A troika of Commonwealth members - Nigeria, South Africa and Australia - was appointed to make recommendations on how to solve the political and economic crisis and it soon became obvious that there were tensions.
While Australia took a hard line, in common with other 'Western' Commonwealth members led by Britain, Nigeria and South Africa saw constructive engagement as the way forward and they argued that punitive measures like sanctions only entrenched the Mugabe government's determination to pursue its controversial 'land reform' policy ejecting white farmers from their farms and cracking down heavily on the MDC.
Now Presidents Obasanjo and Mbeki want Zimbabwe readmitted but Australia's prime minister, John Howard - with some African support from Kenya and Botswana -is opposed.

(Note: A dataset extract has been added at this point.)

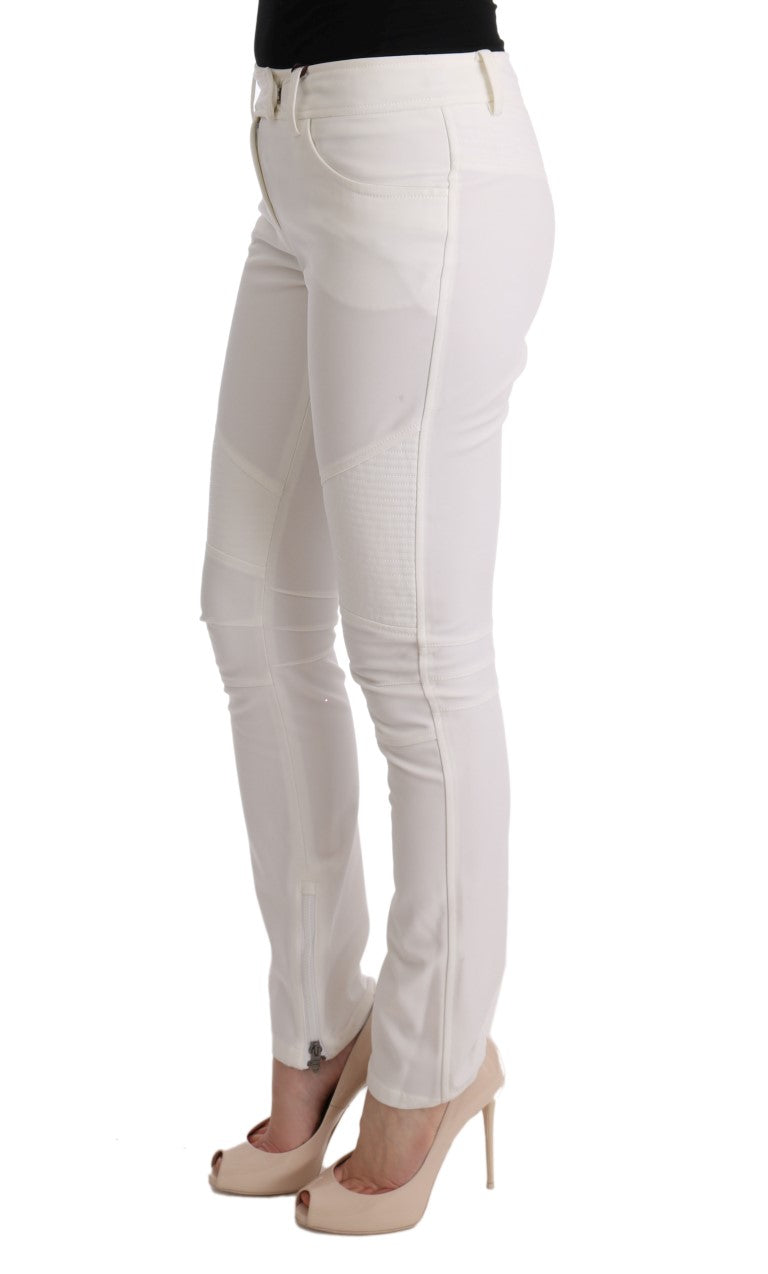 Chic White Slim Fit Cotton Pants - SEHABRANDS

Amid political and diplomatic isolation and a desperate economic situation, with drought-induced hunger aggravated by a self-inflicted crisis in food production, with galloping inflation and shortages of fuel and almost all basic needs, there is a sense that Zimbabwe is approaching crisis point. Readmission to the Commonwealth would be the first step towards economic and political rehabilitation. The African troika members say that is in the interest of all Zimbabweans. Those who disagree would see it as an endorsement of Mugabe's policies of repression and autocratic rule.

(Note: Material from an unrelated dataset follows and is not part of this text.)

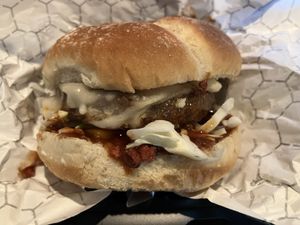 Savory Bleu Cheez & Parm Gourmet Beef Burger  at Moe Vegan in Kent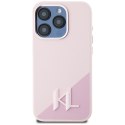 Karl Lagerfeld Silicone Shadow Metal Initial MagSafe - Etui do iPhone 15 Pro (różowy) Karl Lagerfeld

It may be, however, that the real political drama is taking place inside Zimbabwe, not only between Zanu-PF and the MDC but within the ruling party itself. There have been strong signs that members of Mugabe's own cabinet and top officers in the army have been looking for ways to ease him out without allowing the MDC to seize the initiative.
Some scenarios have Mugabe anointing an effective successor and stepping back into a ceremonial role; others have him being forcibly ejected in a coup, with the MDC being invited to join a unity government; still others postulate an MDC 'uprising' as Zanu-PF implodes with rival bids for power.
Allister Sparks is a veteran South African journalist and a former correspondent for the Washington Post, the London Observer and Holland's NRC Handelsblad. "Beyond the Miracle: The Making of the New South Africa," his third book about apartheid and the post-apartheid transition, is scheduled for publication later this year.
He contributed this account of behind-the-scenes manoevres as Zimbabwe's key political actors make their bid for power.
The first indication that Robert Mugabe might soon cease to be Executive President of Zimbabwe came last November when a Catholic priest, Fr Fidelis Mukonori, who is close to Mugabe, called on the leader of the opposition Movement for Democratic Change (MDC), Morgan Tsvangirai, to say the President wanted to meet with him outside the country. The priest hinted that Mugabe was thinking of retiring.
In the event, nothing came of this, but a few weeks later a former Rhodesian army officer now living in South Africa contacted Tsvangirai, whom he knew, to say that Colonel Lionel Dycke, a former colleague who had stayed on to serve in the Zimbabwe army where he gained the confidence of the ruling ZANU-PF party, wished to meet with the MDC leader. Soon afterwards Dycke turned up at Tsvangirai's Harare home accompanied by the ex-Rhodesian. So began a series of proximity talks that have brought the Zimbabwean crisis to a watershed point.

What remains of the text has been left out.